TASK:
From the line holding "Кінокритики BBC назвали" through the line holding "W11Pro - Image 3" below, write out every line exactly; include both of those lines and drop the pictures.

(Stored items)
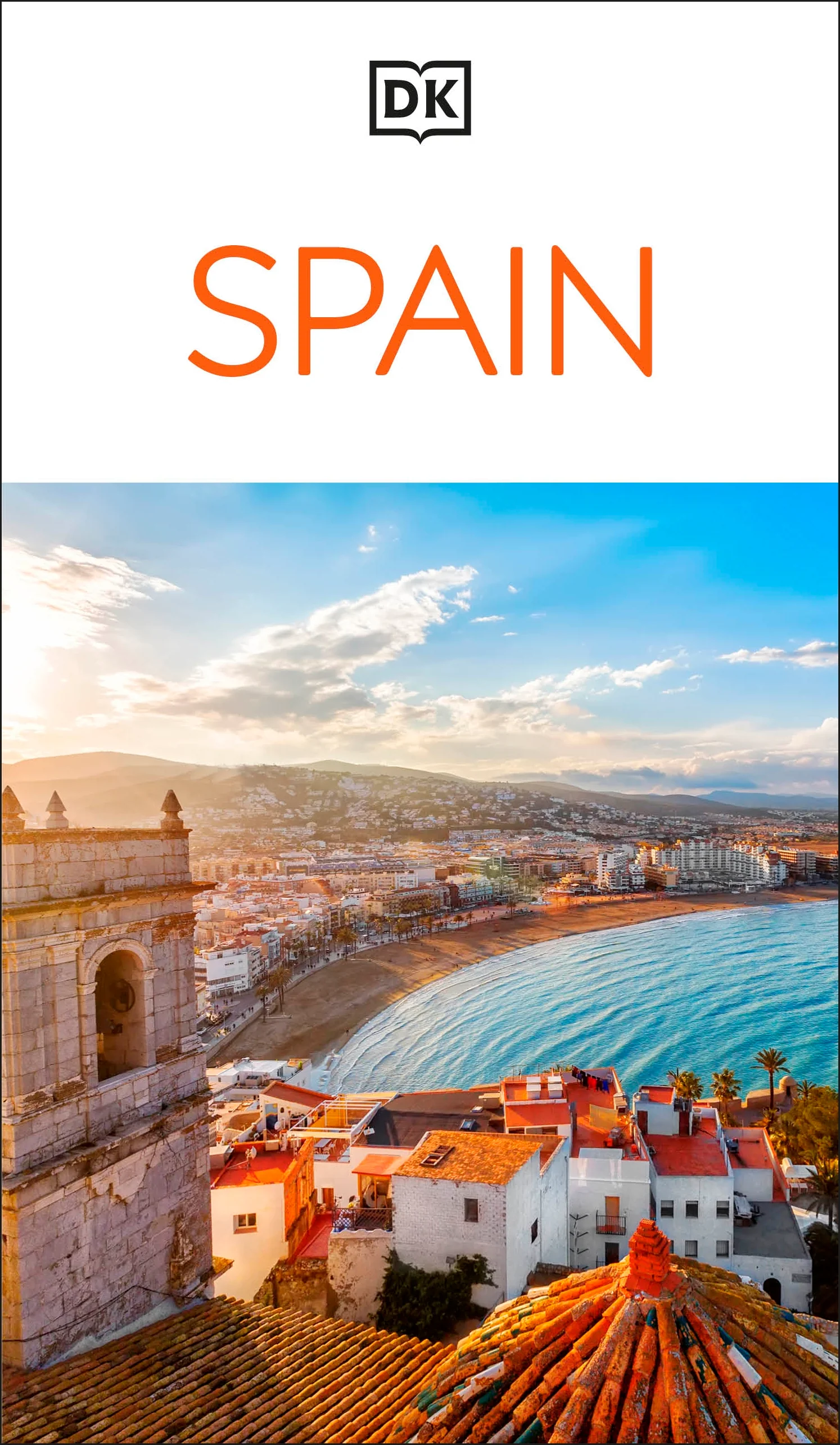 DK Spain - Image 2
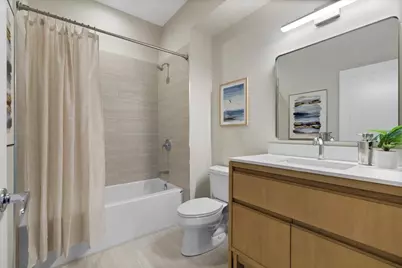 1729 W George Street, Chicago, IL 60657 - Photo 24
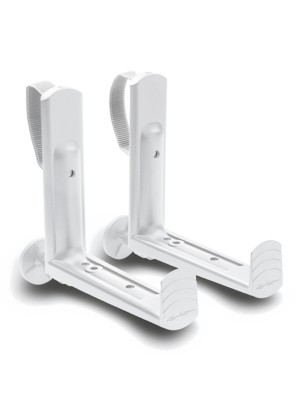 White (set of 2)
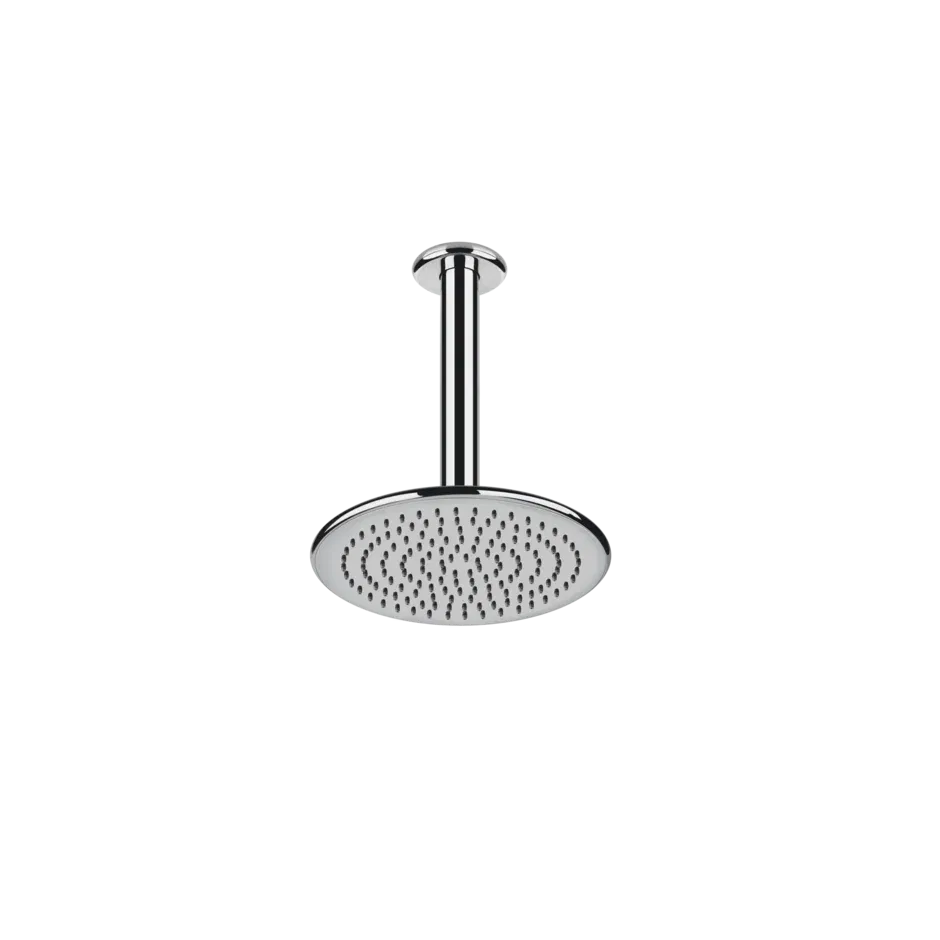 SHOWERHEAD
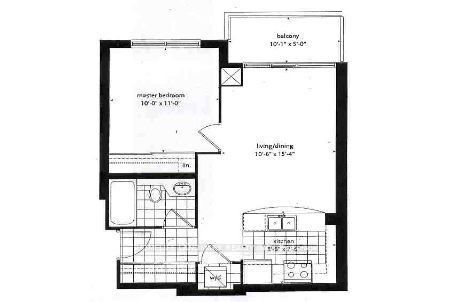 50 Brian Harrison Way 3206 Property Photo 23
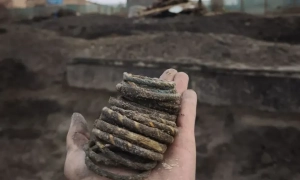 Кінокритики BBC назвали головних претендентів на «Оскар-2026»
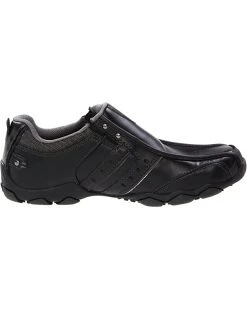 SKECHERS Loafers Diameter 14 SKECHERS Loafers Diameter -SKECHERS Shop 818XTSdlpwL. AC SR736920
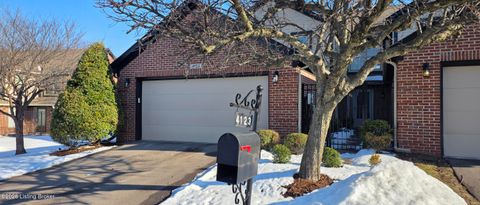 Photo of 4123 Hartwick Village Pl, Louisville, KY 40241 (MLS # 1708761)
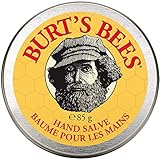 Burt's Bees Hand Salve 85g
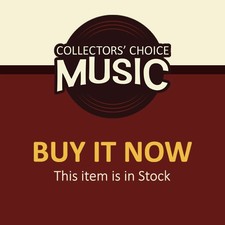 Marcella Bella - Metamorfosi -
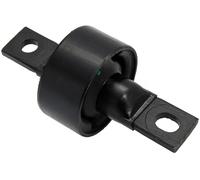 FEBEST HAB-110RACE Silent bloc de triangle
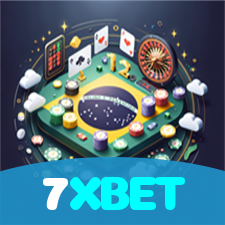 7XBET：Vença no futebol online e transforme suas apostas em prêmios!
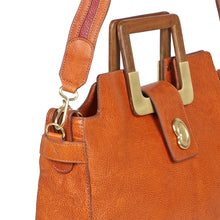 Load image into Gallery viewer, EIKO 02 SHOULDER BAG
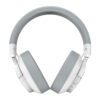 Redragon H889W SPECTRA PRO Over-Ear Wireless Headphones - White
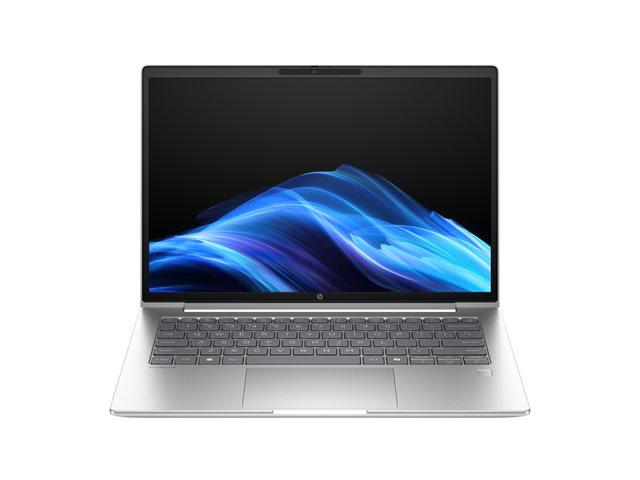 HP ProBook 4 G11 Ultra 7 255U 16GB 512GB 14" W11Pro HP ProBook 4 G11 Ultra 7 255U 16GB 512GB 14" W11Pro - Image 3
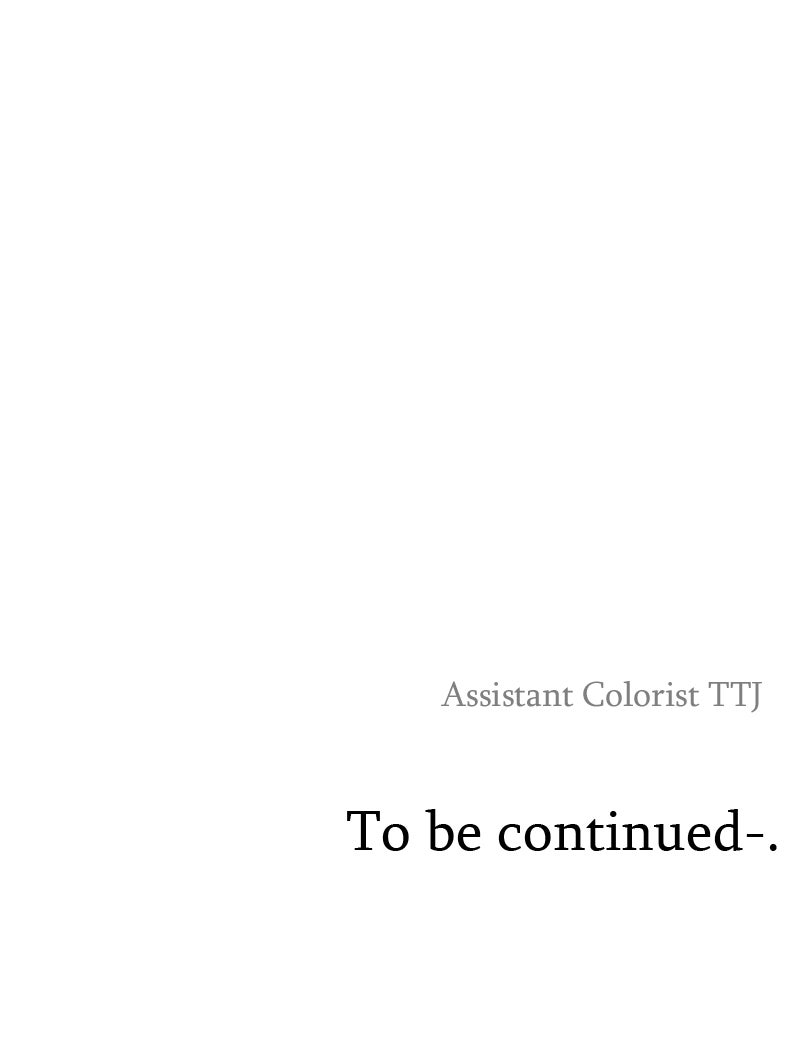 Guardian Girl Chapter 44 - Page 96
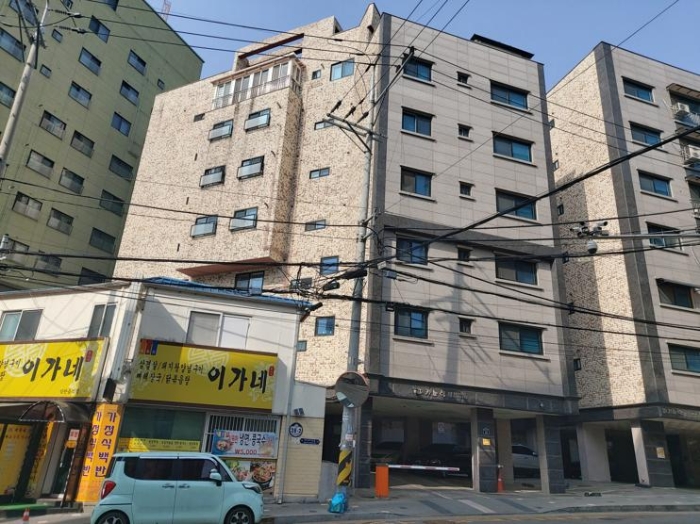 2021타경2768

TASK SOLUTION:
 Кінокритики BBC назвали головних претендентів на «Оскар-2026»
 SKECHERS Loafers Diameter 14 SKECHERS Loafers Diameter -SKECHERS Shop 818XTSdlpwL. AC SR736920
 Photo of 4123 Hartwick Village Pl, Louisville, KY 40241 (MLS # 1708761)
 Burt's Bees Hand Salve 85g
 Marcella Bella - Metamorfosi -
 FEBEST HAB-110RACE Silent bloc de triangle
 7XBET：Vença no futebol online e transforme suas apostas em prêmios!
 Load image into Gallery viewer, EIKO 02 SHOULDER BAG
 Redragon H889W SPECTRA PRO Over-Ear Wireless Headphones - White
 HP ProBook 4 G11 Ultra 7 255U 16GB 512GB 14" W11Pro HP ProBook 4 G11 Ultra 7 255U 16GB 512GB 14" W11Pro - Image 3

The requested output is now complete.